• [Task to complete] Produce a word-for-word copy of the line that contains "ZARA. Sudadera blanca textura T.s" and each line after it through the end of the material, omitting pictures and all other lines.

• [Source data]
☆ ☆ ☆ ☆
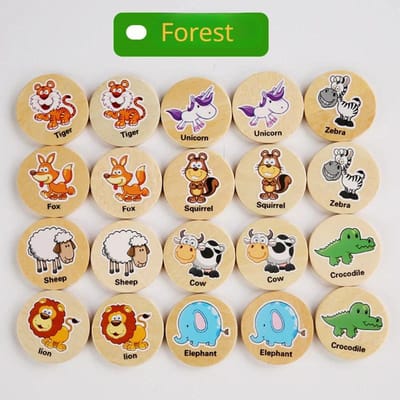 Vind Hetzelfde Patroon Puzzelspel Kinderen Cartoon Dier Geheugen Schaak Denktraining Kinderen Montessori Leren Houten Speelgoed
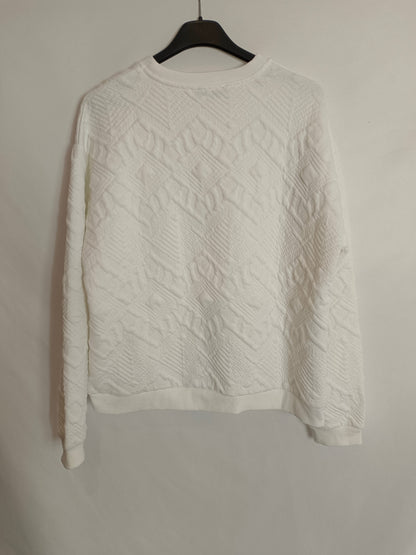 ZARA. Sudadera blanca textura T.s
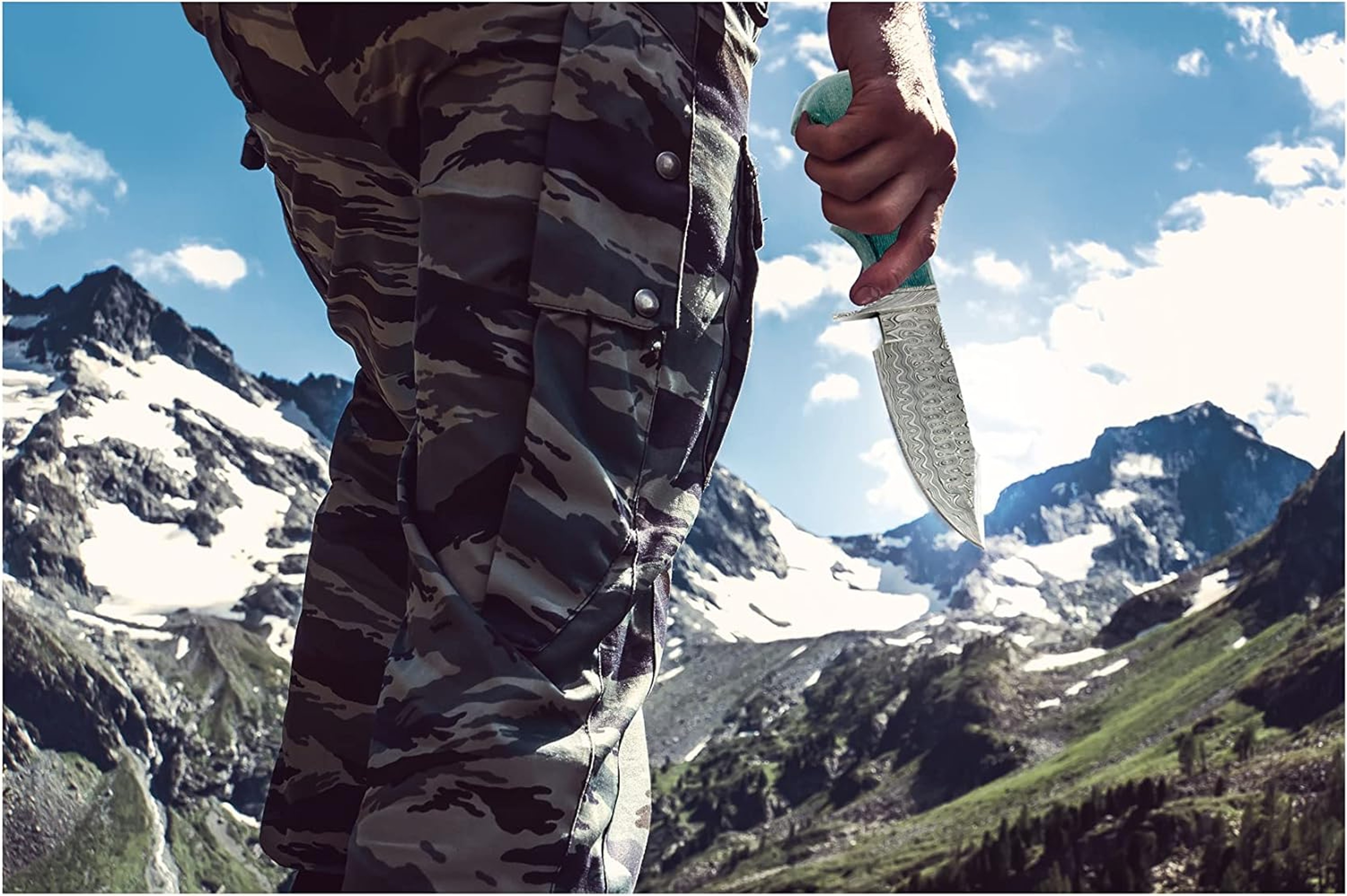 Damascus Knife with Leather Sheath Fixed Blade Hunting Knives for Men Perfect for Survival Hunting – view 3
☆ ☆ ☆ ☆
• [Answer for this exercise]
 ZARA. Sudadera blanca textura T.s
 Damascus Knife with Leather Sheath Fixed Blade Hunting Knives for Men Perfect for Survival Hunting – view 3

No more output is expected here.